I find them a total pain in the butt, very cumbersome and restrictive but I guess deemed necessary by the powers that be. :shock: 

Funny thing is, as a young bloke I used to surf. Arguably equally or even more dangerous than yakking, yet I can't recall ever being told I had to wear a life jacket 

Cheers,

Paul.


----------



## YakCult (Nov 4, 2008)

SgtWilson said:


> I find them a total pain in the butt, very cumbersome and restrictive but I guess deemed necessary by the powers that be.


G'Day Paul,
Yep - agree with how restrictive & hot (in Qld) they can be!!!
(maybe I need to look at different types???)

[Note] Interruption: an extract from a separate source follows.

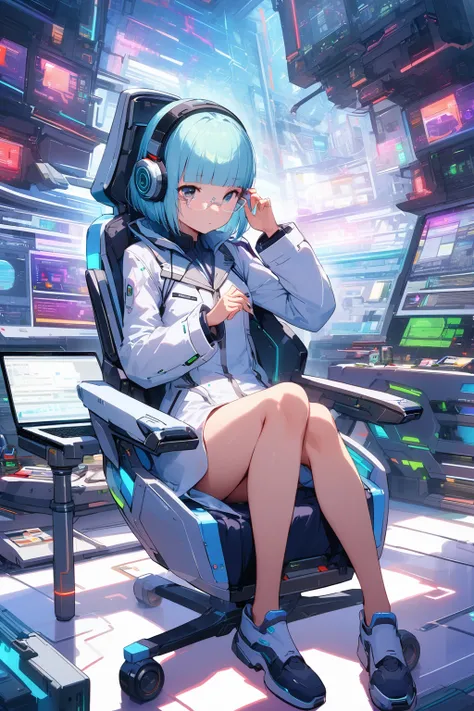 (extremely detailed fine touch:1.3), Vibrant colors, Soft tones, With warm and gentle lighting, girl, solo, (((silver semi-rimless eyewear:1.3))), (headphone:1.0), short hair, blunt bangs, full body, sitting Futuristic floating chair, Laptop resting on thi...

Found this link - maybe worth a look -
http://member.melbpc.org.au/~trinc/lifejackets.html

Don't think you will be too ecstatic after reading it though.....  
I guess at sea - manditory.


----------



## SgtWilson (Oct 6, 2008)

Hi Bruce,

Thanks for that link.

Hmm, yes. I may need to try a few lighter ones out. The one I am using is quite bulky.

Cheers,

Paul


----------



## GoneFishn (May 17, 2007)

You could try the yoke style life jackets I use one all the time and don't even know you have it on.








PFD-1
Only problem with this type is if for some reason you get knocked unconscious before you pull the release cord you have no flotation


----------



## Feral (Oct 18, 2008)

Had my first session with my inflatable today, did not even know I had it on. $90 well spent.


----------



## solatree (May 30, 2008)

SgtWilson said:


> Anyone know what the law is regarding PFD's & Kayaks in VIC ?

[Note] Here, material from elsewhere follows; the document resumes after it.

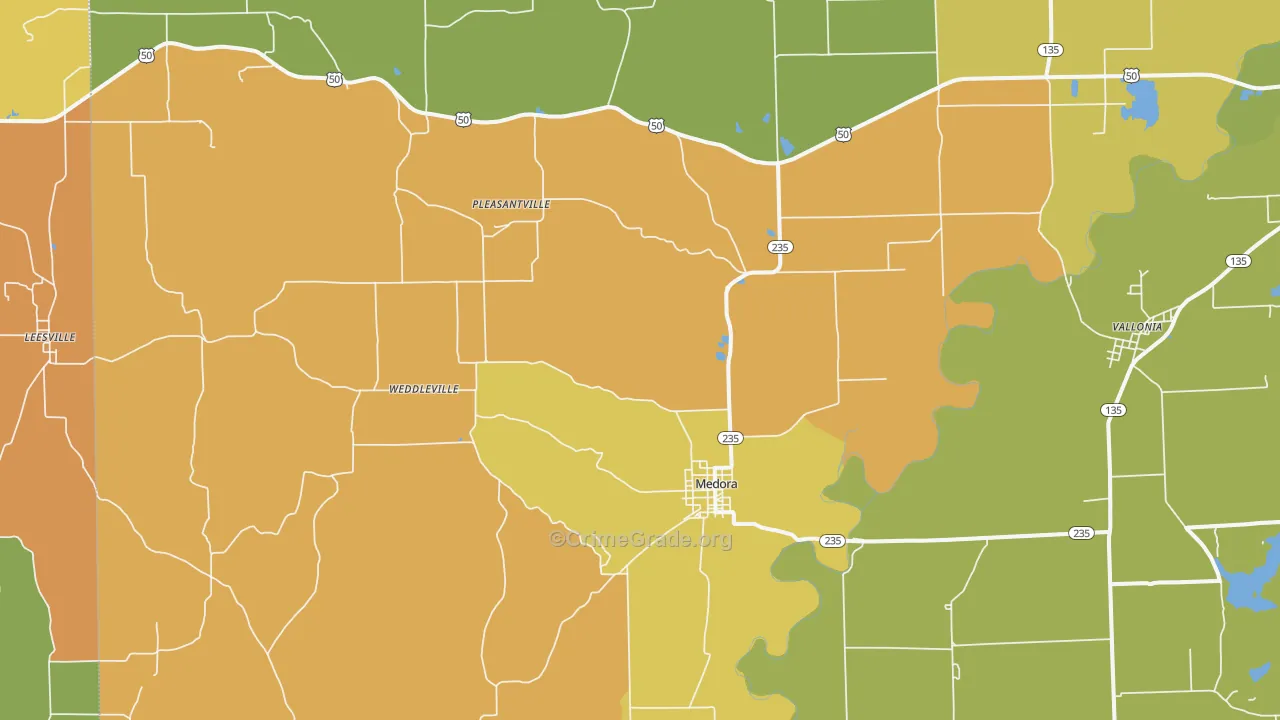 Medora, IN Map of Robbery Rates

Yep - its compulsory in Victoria (and SA) at all times for Kayaks - see quote below from http://www.marinesafety.vic.gov.au/Web1 ... enDocument

_Wearing of PFDs on recreational vessels at all times

All occupants of the following vessels are required to wear a specified PFD when under way and when in an open area of the vessel:

Power driven vessels up to and including 4.8 metres (m) in length 
Off-the-beach sailing yachts 
Personal watercraft 
Canoes, kayaks and rowing boats 
Pedal boats and fun boats 
Kite boards and sail boards 
Recreational tenders._


----------



## SgtWilson (Oct 6, 2008)

solatree said:


> SgtWilson said:
> 
> 
> > Anyone know what the law is regarding PFD's & Kayaks in VIC ?
> ...


Thanks Andrew,

Cheers,

Paul


----------